‘So what were that trio doing among the reeds to have warranted all that belligerence?’ asked Michael, walking to where the three men had been working, and peering into the inky darkness of the river. There was nothing to see. One of them had dropped the torch he had been using and it still burned. Bartholomew picked it up and looked around carefully, but there was nothing to suggest why they had been so reluctant to be caught.
‘This may sound ridiculous, but when the first one lunged at me, I half supposed that we had stumbled on Mackerell’s murder taking place,’ said Michael.
Bartholomew stared at him. ‘Why did you think that?’
‘Because so many people know we are meeting him — the pot-boy at the Mermaid, Tysilia, William and the Bishop — that I wondered whether someone might try to reach him first and ensure that he follows in the footsteps of Glovere and the others: floating face-down in the river with a fatal slit in the back of his neck.’
Bartholomew shook his head. ‘You will probably find that Mackerell had no intention of meeting us in the first place. Why should he? He will be safer hiding in the Fens.’
‘I hope you are right,’ said Michael gloomily. ‘I would not like to think that Mackerell lies dead because we spoke to him.’
‘He is not dead, Brother. If I raise this torch, you can see clear across to the other side of the river. There is no corpse floating here.’
‘I have no idea what is going on in this town, Matt,’ said Michael tiredly. ‘But I intend to find out. No one gets the better of the Senior Proctor and his trusted associate. We shall solve this mess, Matt. You mark my words!’
Chapter 6
Thursdays were market day in Ely, and work started early. The hum of voices, the rattle of carts along the streets and the whinnying of horses could be heard long before it was light, and Bartholomew had the sense that the city had barely slept the night before. He certainly felt as though he had not: old Roger in the infirmary had had a difficult night, and Bartholomew and Brother Henry had managed to sleep only in fits and starts.

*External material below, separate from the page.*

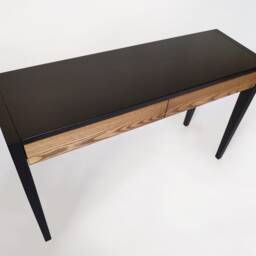 Solid Oak Console Table Black Painted Desk With Soft-Close Drawers - thumbnail 3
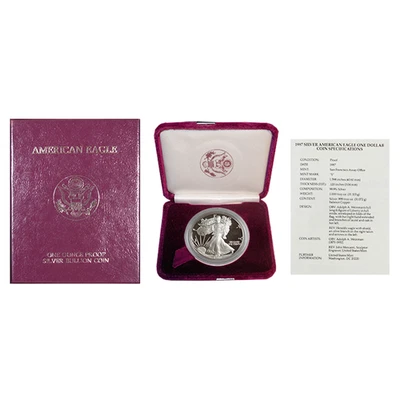 1987-S Proof $1 American Silver Eagle Box, OGP & COA - Image 1 of 3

By the time the first glimmerings of dawn appeared, the infirmarian looked as heavy-eyed and weary as Bartholomew felt. With dawn came peaceful sleep for Roger, and the two physicians left Julian watching over him while they went for some fresh air. They strolled around the marketplace, watching the frenetic activity taking place in the half-light as stall owners struggled to raise bright awnings over their shops and arrange their offerings in a way that they hoped would prove irresistible to buyers.
Bartholomew looked around him. There were butchers’ stalls with colourfully plumaged waterfowl hanging by their feet, and bloody hunks of meat already beginning to attract flies as well as paying customers. Hares were common at the Cambridge market, but they were rare in the Fens, and there was not one to be seen. There was plenty of fish, though, displayed in neat, glistening rows: the shiny black-skinned eels that were so famous in the area, trout and a grotesquely large pike hanging across one counter, its ugly head dangling just above the mud of the street.
Bakers and pie-sellers provided more sweetly fragrant wares, and baskets of loaves of all qualities and shapes were carefully stacked, along with cakes and pastries for those able to afford more than the basic necessities of life.
Food was not all that was for sale. Ely was a thriving city, and boasted its own pottery and a lucrative rope-making industry. Pots with a beautiful blue glaze were displayed by one proud craftsman, while others sold the unglazed, functional utensils that were present in every kitchen — large jugs for milk, great cauldrons for stews, and dishes for serving meat and fish. The rope-makers’ stalls were piled with huge coils of cord in every thickness imaginable; some of extra strength were used by builders for their pulleys, while others were silky and delicate and were used to lace shirts and bodices.
There was livestock, too. Squealing pigs, frightened calves and milling sheep were locked in pens at one end of the marketplace, while flocks of geese, ducks and squawking chickens weaved in and out of the legs of the busy stall holders. Loud human voices added to the general noise and confusion. In one corner, spices from distant and little-known lands were on sale, and the exotic aroma of cinnamon and cloves almost, but not quite, dispelled the overpowering smell of warm manure from the animals. Dogs sniffed the soft mat of rotting straw and dung underfoot, occasionally excavating something they deemed edible.